I reflected on what he had said. His observations on ‘culture and practices’ were indeed what I had experienced during my selection process; that I may be uncomfortable with the change and may find settling in challenging resonated loudly. I decided to stay on, where I was.
It was clear the prime driver for this conversation was his interest in me — to not be disappointed, to help, to guide and at the root of that was ‘caring’. His honesty and authenticity had an impact on me. The whole conversation came across as all of it was for me and not so much for him!
Meaningful intervention
Imagine the impact Rakesh could be making on Ram, if they would only have engaged in an open , candid conversation. It may have influenced Ram to get more aligned with the real world rather than be blindsided at the time of the annual review! Surely, a meaningful intervention would have made a huge difference to Ram, not only in terms of his performance but his worldview of the business, the culture it embraces and the impact on his engagement. And Rakesh would have shown himself in better light as a caring leader.

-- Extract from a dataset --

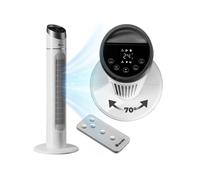 Ventilateur colonne en plastique ABS 90 cm blanc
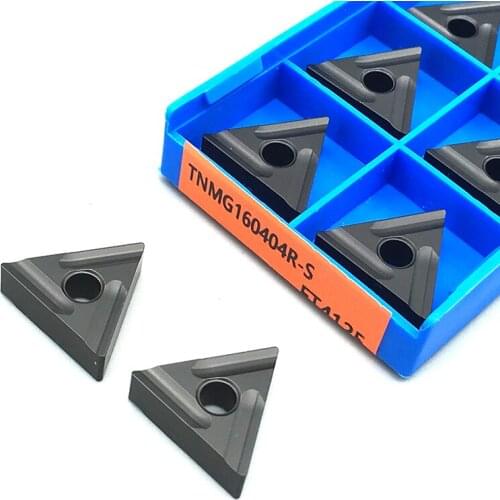 TNMG160404 R S FT4125 External Turning Tools Carbide insert TNMG 160404 Lathe cutter Tool Tokarnyy turning insert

Unfortunately, the majority of conversations between managers in organisations (there are some exceptions, though) are transactional. There are not many conversations, which are a proper sit-down, anchored on caring and wanting to help and guide. We surely need to do a deep dive and ask ourselves, particularly those at senior levels of leadership, if caring is indeed deeply embedded in our business.
We have enough noise in our organisations; what we need is a sense of purpose in our communication — being courageous and honest. Let us build our abundance in “caring” as that would be the springboard for meaningful and authentic conversations.
(The writer is chairperson of the Management Development Centre of LIBA, Chennai, and an executive coach.)